For starters, proteases are a kind of protein. As with all other proteins, proteases are comprised of chains of amino acids, and integral to cellular process and function. As explained by Science Daily, proteases take it one step further, and act as “scissors”. The protease’s “scissors” cut other proteins, shortening or lengthening their amino acid chains. This cutting action allows the protein to execute a variety of functions. These functions run the cellular gamut from decomposition to proper positioning.
Staphylococcus aureus and Mycobacterium tuberculosis are characterized by the special protease known as “ClpP”. Scientists can identify this protease, but they have had some difficulty disabling them. Convention dictates an attack on the “cutting edge” of the scissor-like proteins. But ClpP responds in a deceptive manner. At first, it looks like the antibiotic works. The “cutting edge” shuts down- but just for a few hours. Then, it activates again. Because Staphylococcus aureus and Mycobacterium tuberculosis are unyielding to many antibiotics, the fact that there now exist two ways to attack these proteases is major breakthrough.

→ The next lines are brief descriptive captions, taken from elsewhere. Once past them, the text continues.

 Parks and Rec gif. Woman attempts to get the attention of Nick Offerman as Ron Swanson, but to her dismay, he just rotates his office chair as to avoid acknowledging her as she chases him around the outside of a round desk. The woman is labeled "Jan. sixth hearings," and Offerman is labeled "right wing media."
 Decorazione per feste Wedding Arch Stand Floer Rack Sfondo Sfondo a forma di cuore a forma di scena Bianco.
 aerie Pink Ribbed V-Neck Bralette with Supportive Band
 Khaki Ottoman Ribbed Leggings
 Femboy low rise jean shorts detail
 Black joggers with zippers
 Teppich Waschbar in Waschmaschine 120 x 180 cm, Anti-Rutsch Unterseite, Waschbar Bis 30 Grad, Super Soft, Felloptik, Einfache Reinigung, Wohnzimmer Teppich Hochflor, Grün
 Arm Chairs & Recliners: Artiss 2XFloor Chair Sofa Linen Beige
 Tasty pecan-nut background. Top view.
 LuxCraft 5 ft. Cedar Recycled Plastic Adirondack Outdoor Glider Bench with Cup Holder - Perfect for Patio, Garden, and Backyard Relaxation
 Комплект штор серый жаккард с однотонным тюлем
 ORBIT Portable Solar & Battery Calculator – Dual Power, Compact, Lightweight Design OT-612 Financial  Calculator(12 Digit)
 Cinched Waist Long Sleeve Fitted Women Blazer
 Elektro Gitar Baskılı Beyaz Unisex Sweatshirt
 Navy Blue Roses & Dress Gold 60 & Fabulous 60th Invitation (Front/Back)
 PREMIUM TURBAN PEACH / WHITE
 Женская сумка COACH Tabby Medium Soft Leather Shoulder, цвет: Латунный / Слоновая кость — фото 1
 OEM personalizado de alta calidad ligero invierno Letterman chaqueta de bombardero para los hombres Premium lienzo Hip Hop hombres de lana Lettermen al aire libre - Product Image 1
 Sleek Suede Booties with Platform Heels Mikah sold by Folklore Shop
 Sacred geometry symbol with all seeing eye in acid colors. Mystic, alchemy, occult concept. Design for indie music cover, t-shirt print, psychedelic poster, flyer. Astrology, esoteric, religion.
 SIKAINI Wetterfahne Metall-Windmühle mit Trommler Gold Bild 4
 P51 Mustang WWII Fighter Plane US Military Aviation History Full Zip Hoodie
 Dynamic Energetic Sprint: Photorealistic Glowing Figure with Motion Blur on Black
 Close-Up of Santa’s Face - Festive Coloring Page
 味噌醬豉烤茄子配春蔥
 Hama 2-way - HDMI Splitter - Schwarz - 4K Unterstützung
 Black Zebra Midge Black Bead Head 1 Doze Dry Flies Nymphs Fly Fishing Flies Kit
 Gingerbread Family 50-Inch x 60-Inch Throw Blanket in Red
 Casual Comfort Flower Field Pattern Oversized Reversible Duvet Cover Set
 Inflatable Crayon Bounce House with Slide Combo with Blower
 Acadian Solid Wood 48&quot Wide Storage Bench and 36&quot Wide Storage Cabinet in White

Science Daily reports that the head chair of biochemistry at the Technical University at Munich, Michael Groll, discovered two new methods of attacking the troublesome protease. Groll is joined by two doctoral candidates, Malte Gersch and Roman Kolb, and the discovery seems promising. But what exactly are these new processes? The first is a way of scrambling the amino acids’ order. The ensuing disorder splits the protease into two separate parts. The second approach focuses on the active center, the cutting edge of the “scissors”. The attack on the center transforms the amino acid chain in charge of the cutting into something different. Without the cutting action, the proteins cannot be properly activated.
These two discoveries are important, but the team of scientists uncovered even more. They discovered inhibitors that reveal how these two new approaches are initialized. The scientists plan to take their discoveries and test them on live bacterial strains. They aim to allow the human immune system to fight only a few of the pathogens, with the new methods preventing newer resistances from being formed.